Buffett did not think what Sokol did is illegal but it sure seems like this is a classic example of how not to buy a stock. Buffett did not do anything wrong in this situation but come off as a willing participant in this process. Instead of calling Sokol out for imitating Gordon Gekko, he wrote a letter which a bunch of fancy lawyers probably reviewed. It might not be “illegal” but it is sure unethical and definitely insider trading.
Let’s take look at this scenario in a couple other of ways. If a Citigroup banker called up his broker and purchased LZ stock, then he would have been fired and in a heap of trouble. If a LZ executive did the same, then he too would be deep-sixed and facing tremendous scorn. But Sokol leaves and gets Buffett’s written blessing that nothing bad happened. Buffett is trying to shield him from blame when Sokol deserves the blame. And we should believe Buffett because he is an honorable man.

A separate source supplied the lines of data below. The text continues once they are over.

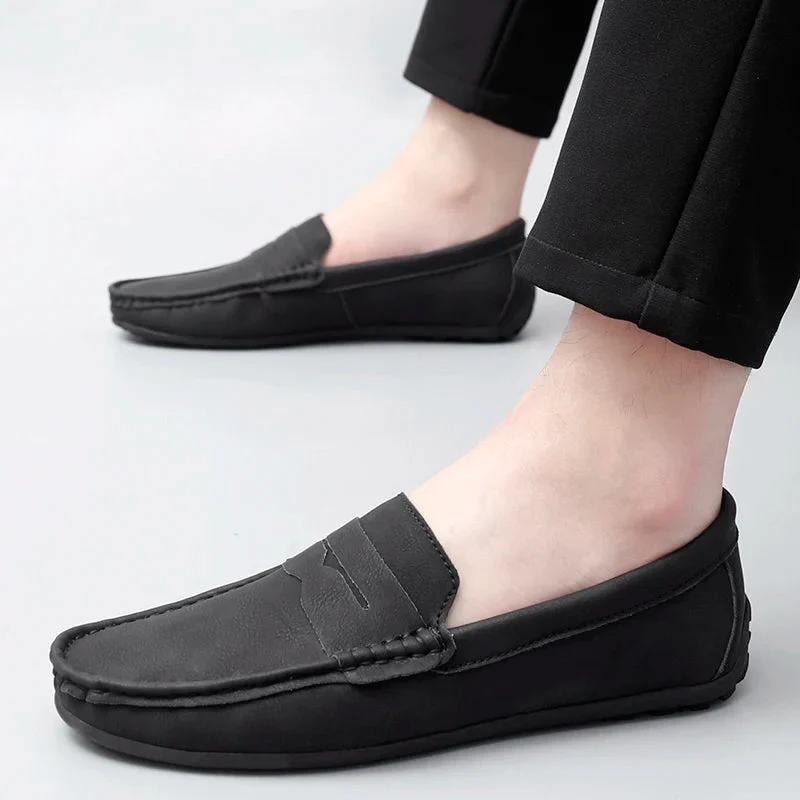 Travor Genuine Leather Loafers - Image 29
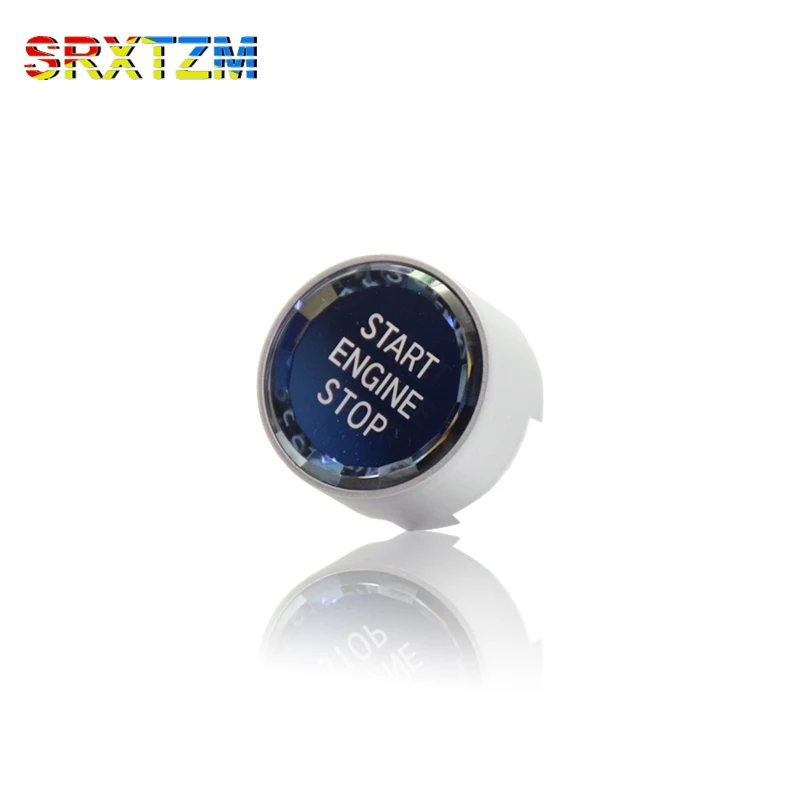 

Crystal Button Cover For BMW G Series G30 G38 F Series F10 F30 F32 F34 E Series Start Stop Engine Replacement Sliver Color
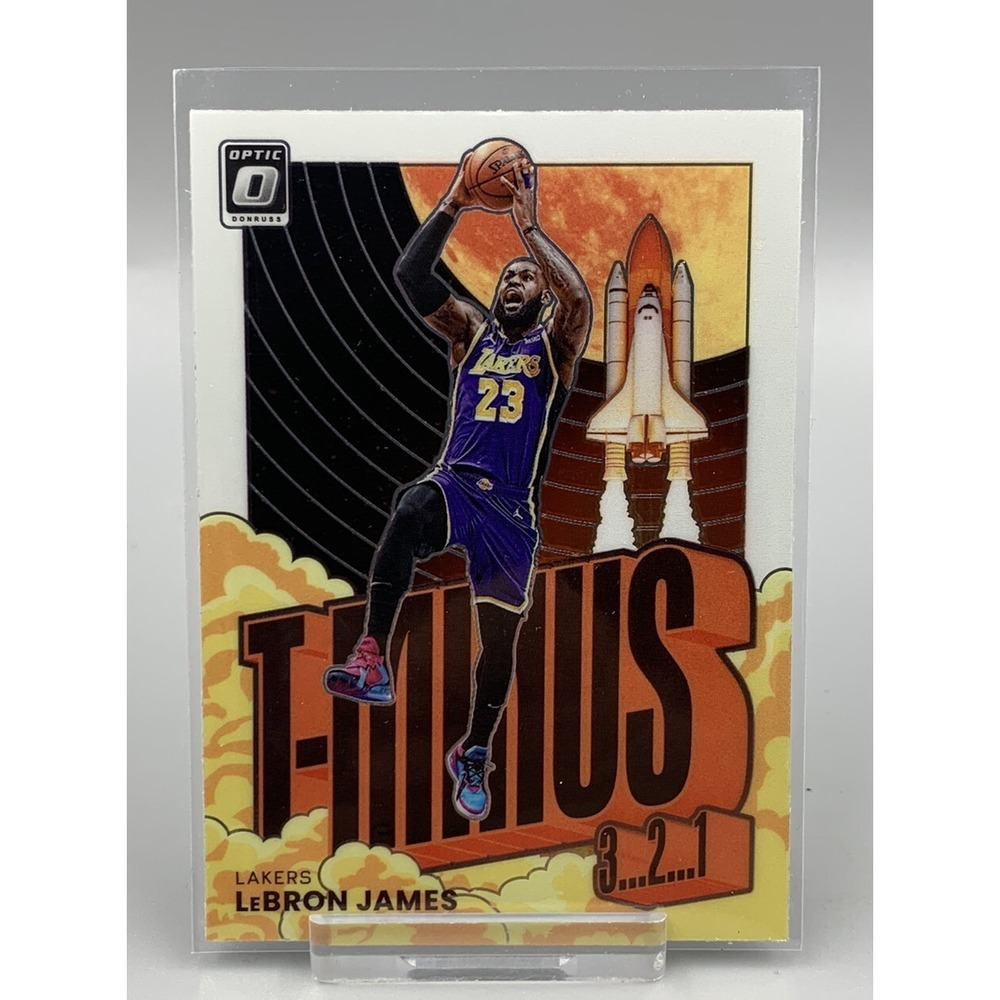 LeBron James 2021-22 Donruss Optic T-Minus 3 2 1 Insert #2‎ Lakers M19 Lakers !!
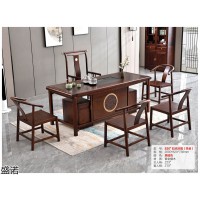 南康實木茶臺，江西紫金檀木、烏金木、金絲檀木、白蠟木、金花梨木茶桌，盛諾家具廠家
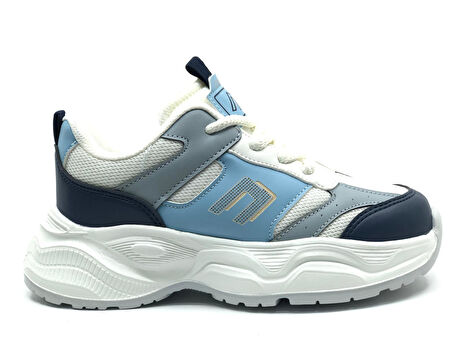 Cool Birian Bağcık Görünümlü Cırt Cırtlı Sneaker Ortopedik Çocuk Spor Ayakkabı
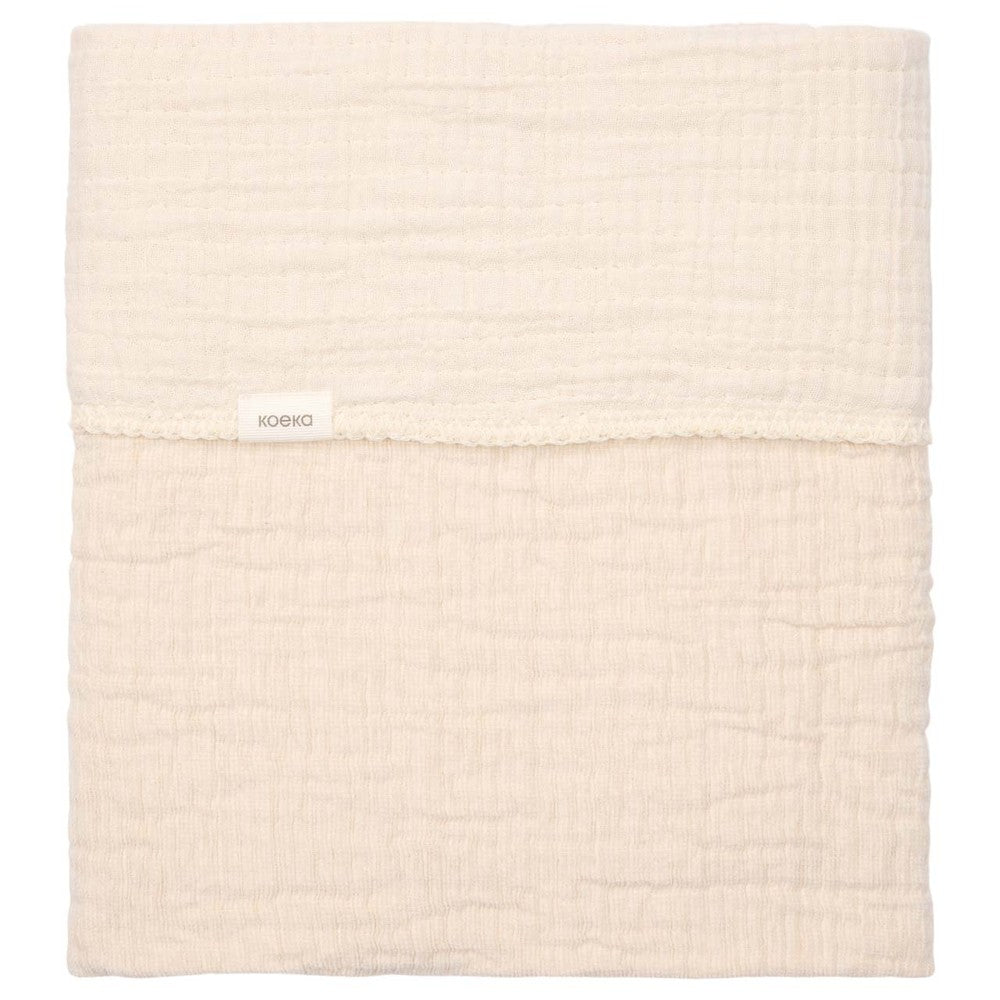 Koeka Ledikantdeken Rivoli warm white 100x150cm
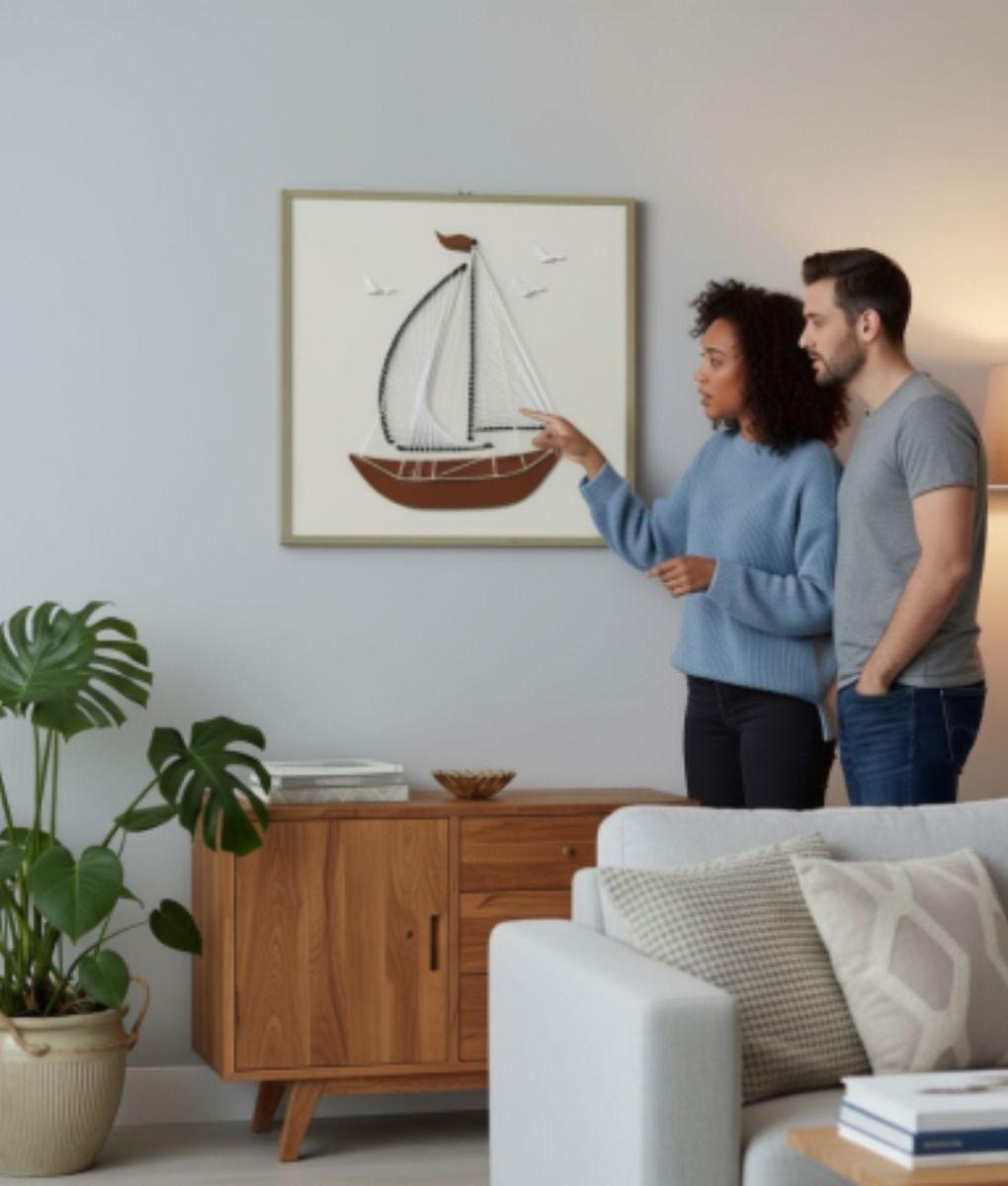 Cuadro Decorativo Adorno Pared Barco Arte Hogar Jhn-3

So what is the end result? If the SEC had any guts (and it does not), then Sokol would already be under investigation. Sokol should donate all the $3 million profit to charity and he should take a two-year leave of absence from any trading or managing/directing a publicly traded company. Sokol wants to focus on philanthropic opportunities and this punishment would give him a chance to start.
But Buffett should not be exempt from scrutiny. I would enjoy seeing Buffett dragged in front of Congress and have silly Representatives like Maxine Waters (who is in the middle of a financial scandal of her own) lambast the best investor ever. Buffett does not need any more lessons on donating his wealth – that is taken care of; however, he should consider some better disclosure rules and limitations of BRK employees with stock trading. It would be important and proper to have him admit this publicly at BRK’s big annual meeting in a few weeks. This would also give him a great opportunity to revise his ridiculous and limited explanation of the Sokol-LZ affair. After all, Buffett is an honorable man.
My own disclosures: my family owns BRK stock. Jordan Hansell is a family friend (he is Sokol’s former lieutenant; after Sokol’s departure, Hansell is now the CEO of NetJets). Scott Hoekman is a principal of Maroon Analytics.